Que los chavistas quieran expresar su afecto a Maduro, me parece legítimo; que Maduro quiera celebrarlo con su familia y cercanos, es su derecho, pero ¿En el marco de unas elecciones de base, con gobernadores votando y picando tortas en centros de votación o en la calle, y diciéndolo, para que el Jefe lo sepa y lo vea? Eso, sin meternos en si hay uso de recursos públicos para anunciar o celebrar la fecha.  

Lo siento, eso es más Gómez que Kennedy. Menos musa y más adulación. Menos música y más felicitación. 

A lo mejor, buscar agradar a los jefes también es normal estos días, pero como republicano que soy, tengo sensibilidad a las formas de dominación públicas o privadas, y me protejo de ellas. Adular o los felicitadores, son formas de dominación, a mi juicio, de sociedades con el poder concentrado (aunque lo distribuyan de arriba hacia abajo, para hacer una analogía con Norberto Bobbio en este punto). 

La relación entre el poder y el afecto es tensa, pero una forma de abordarla es la franqueza en la relación, de manera que una esté aislada de la otra y pueda soportar las crisis, que ocurren con frecuencia en el mundo del poder. 

En Venezuela se legitima la idea del político como "padre". Algunos -con una falsa humildad- exageran con la primera persona del plural, "Nosotros creemos tal cosa", pero lo hacen cual entidad. La entidad. Otros exageran con la primera persona del singular: Yo aprobé, Yo firmé, Yo decidí, etc. Tienen en común que el poder y quien lo detenta, son la causa de mi suerte o de lo que pasa ¿No cantaré un cumpleaños feliz? Así las cosas, claro que lo canto ¡no una, mil veces!

El país se angosta en el campo de los méritos o de las realizaciones como persona. Ahora todo se mide en función de una categoría: si eres amigo de la causa o no, si eres leal o no, o los personajes que aplauden todo lo que haga el poder (de su bando, "porque estamos en guerra"), los Yes Man. También es la época de los felicitadores del poder, del amiguismo (la "república de los amigos" del gobierno o de la oposición), del nepotismo. 

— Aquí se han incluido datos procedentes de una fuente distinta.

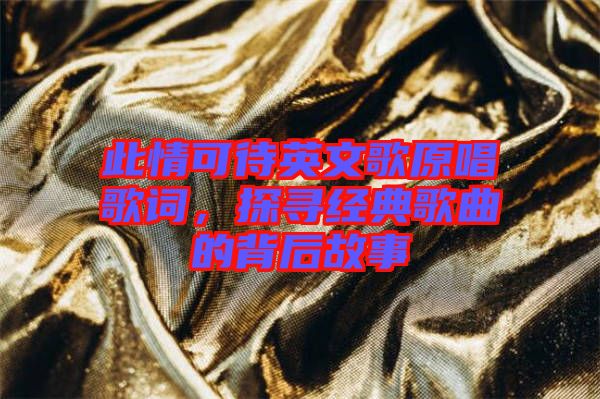 此情可待英文歌原唱歌詞，探尋經(jīng)典歌曲的背后故事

Lo anterior, lleva a lo que comienza a ser común en Venezuela: los puristas o más papistas que el Papa. Los guardianes de la identidad o de la pureza.  

Lo que priva es hacer manifestaciones de agrado al poder, porque mi suerte se decide allí, en una sociedad que depende del Estado, y con un sector privado cada vez más cerrado. Monopolizar las posibilidades de hacer una vida, lleva a jalar bolas. Parejo.  

Tengo una tierrita fuera de Caracas, monte adentro. Allí se producen aguacates. En mi próximo contacto con figuras del poder, les llevaré unos aguacates, como muestra de mi lealtad, que soy amigo de la causa, y como homenaje a los modos gomecistas para el poder, presentes en la sociedad venezolana, más de lo que se quiere reconocer.